The state-run Japan Post will likely be transformed into a special joint-stock corporation in which the government would have a 100 percent stake, government sources said Saturday.

The planned corporation would operate subsidiaries to provide nationwide mail-delivery services and regionally-based postal savings and insurance services, according to the sources.

These ideas constitute a sketch of plans being contemplated as a result of the government’s ongoing study of how to privatize the three state-administered postal services–mail-delivery, postal savings and insurance services.

Mail-delivery operations will likely be carried out by a single corporation that would cover the entire nation. Several regionally-based corporations would be set up to provide postal savings and insurance services in their respective areas, the sources said.
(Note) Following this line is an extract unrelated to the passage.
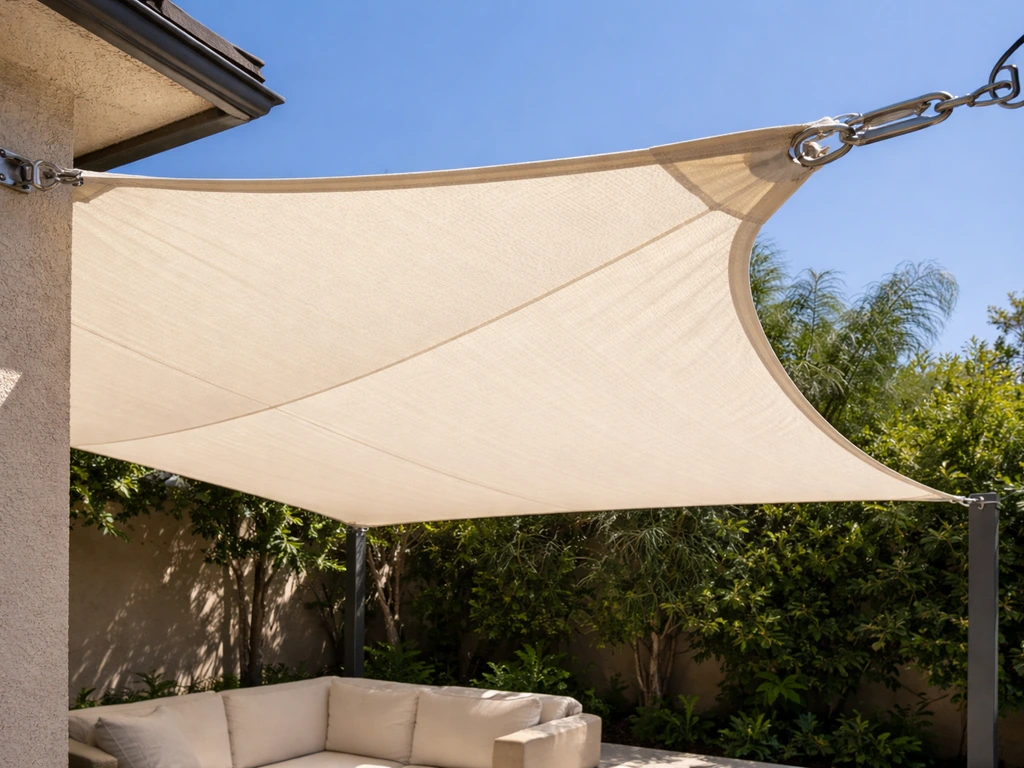 Taut shade sail with visible tensioning hardware anchored to wall and post over patio seating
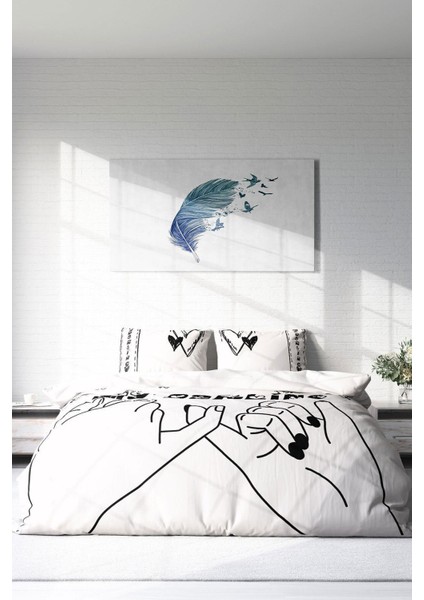 Doğal Pamuk Çift Kişilik 3D Digital Darling Nevresim Takımı modelleri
These privatization plans represent an effort to ensure that the government will be able to influence mail-delivery services as a whole, with the aim of quieting objections to the privatization from many Liberal Democratic Party lawmakers. The plans also seek to keep a network of about 24,000 post offices nationwide intact.

The Council on Economic and Fiscal Policy, a key government organ led by Prime Minister Junichiro Koizumi, is debating ways to transform the state-run postal services into private-sector operations.

In April, the council hopes to submit an interim report on its discussions, which will be followed by an effort to finalize the specifics of the privatization plan in the autumn.

The government wants to pass pertinent legislation during an ordinary Diet session in 2006, with the intention of turning the three state-administered postal operations into private-sector services by April 2007, according to the sources.

The sketch of the privatization plans is in line with five principles formulated by the Council on Economic and Fiscal Policy in October.

The yet-to-be-privatized Japan Post would be turned into a special joint-stock corporation that would control the three postal services. Measures would be taken to ensure that stocks owned by the government would be sold on the stock market in the future.

This formula is similar to a method used to privatize the defunct Nippon Telegraph and Telephone Public Corporation and Japan National Railways. The public may find the formula acceptable, a government source said.

As of late March 2003, Japan Post possessed a hefty 360 trillion yen in outstanding postal savings and postal insurance premiums. Concerns have been raised that private-sector financial institutions could suffer a serious blow if Japan Post were turned into a single entity with such deep pockets.

To allay such concerns, the Council on Economic and Fiscal Policy has found it viable to separate the postal savings business into seven to 10 regional operations, while dividing postal insurance services between two or three corporations, according to the sources.